Serve quindi il contributo di tecnici della stessa casa madre. Tecnici che rischiando in proprio, mossi dall’indignazione e dal personale senso di giustizia, offrano in via riservata le chiavi digitali per ‘aprire’ la macchina. Qualcuno potrebbe dire che si tratta di reato, ma si tratta in realtà di un soprassalto di coscienza civile.

Il racconto contiene ancora un’ultima lezione. Chi sono i cittadini che hanno la forza di reagire: non sono i cittadini con la pancia piena. Sono coloro che, non essendo ancora pienamente cittadini, sentono in tutta la sua profondità e ricchezza il senso della cittadinanza. Sono gli immigrati. Non sono i maschi adulti chiusi nelle loro professioni. Sono le donne emarginate dal mercato del lavoro ed i ragazzi, puramente affascinati dalla tecnologia.

In fondo si può dire: la tecnologia non è bella perché funziona. È bella se “si sa come funziona”. In tempi in cui tecnici e specialisti difendono gelosamente il loro esclusivo sapere “come la tecnologia funziona”, il sale della libertà, per ogni cittadino, sta nell’appropriarsi di questo sapere.

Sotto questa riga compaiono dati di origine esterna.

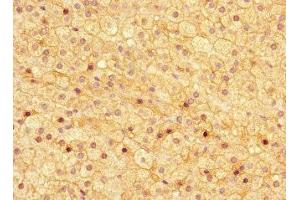 Immunohistochemistry of paraffin-embedded human adrenal gland tissue using ABIN7144761 at dilution of 1:100 (Asporin antibody  (AA 33-380))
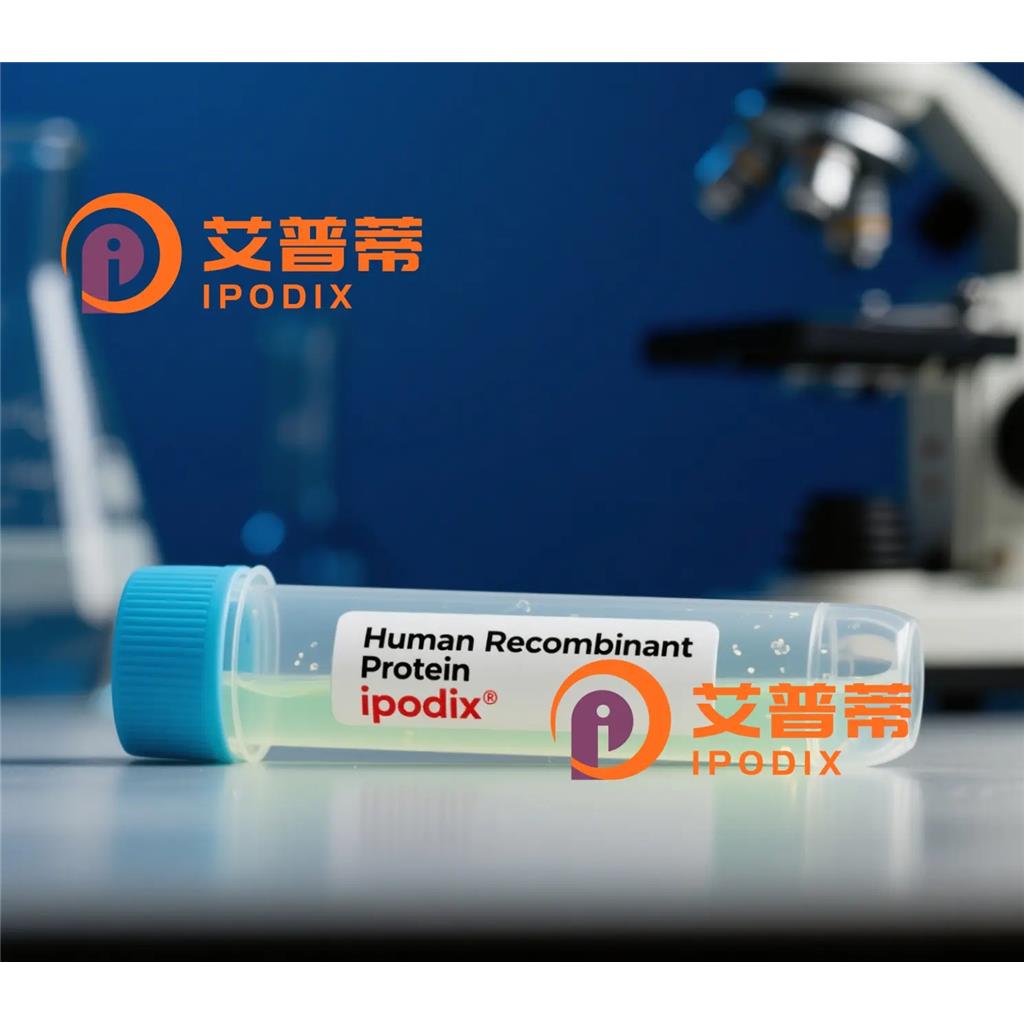 ACVR1B抗体,Rabbit Polyclonal ACVR1B Antibody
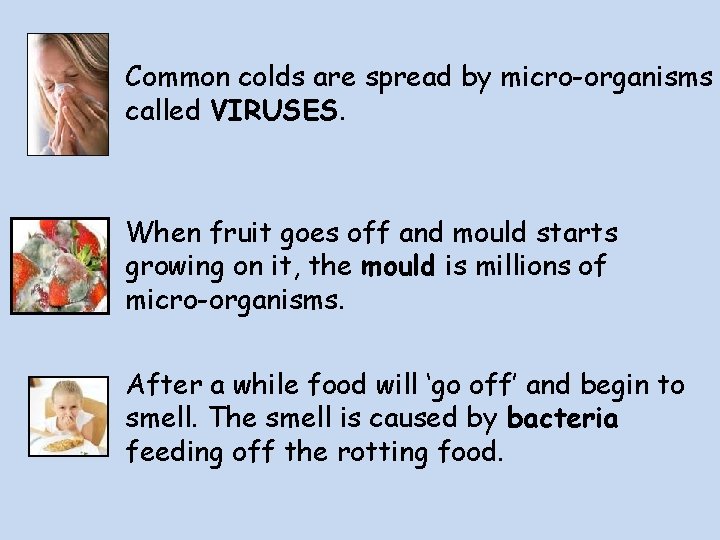 Common colds are spread by micro-organisms called VIRUSES. When fruit goes off and mould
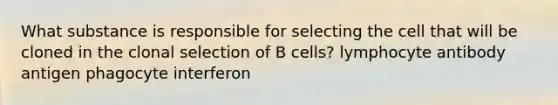 What substance is responsible for selecting the cell that will be cloned in the clonal selection of B cells? lymphocyte antibody antigen phagocyte interferon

Non cedere all’assuefazione

Ogni cittadino-utente, ed ogni professionista-tecnico sanno in cuor loro che la situazione socioeconomica descritta da Doctorow ben rappresenta il presente che viviamo quotidianamente. Eppure, è facile eludere la responsabilità, dicendo: ce ne occuperemo a tempo debito, quando il problema si manifesterà nelle sue forme più gravi.

Ma aspettando questo momento, lasciamo a chi usa il digitale a scopo di esorbitante profitto e di controllo sociale il tempo di rendere la sudditanza ineludibile. Lasciamo anche il tempo necessario perché una sottile propaganda ci renda la sudditanza invisibile.

È per questo che serve subito una azione civica di contrasto. Servono iniziative come quella a favore del diritto alla riparabilità.

Fidatevi di Nietzsche. Scriveva in “Umano troppo umano” che l’essere umano “vive sempre in una molteplice dipendenza ma si ritiene libero, perché a causa delle lunga abitudine non sente più il peso delle catene”. “Solo per le nuove catene egli soffre ancora”-

I cittadini attivi e responsabili, protagonisti del racconto di Doctorow, non aspettano, reagiscono ora, quando la nuova situazione è tanto fresca da indignare ancora. Reagiscono prima di ridursi alla rassegnazione.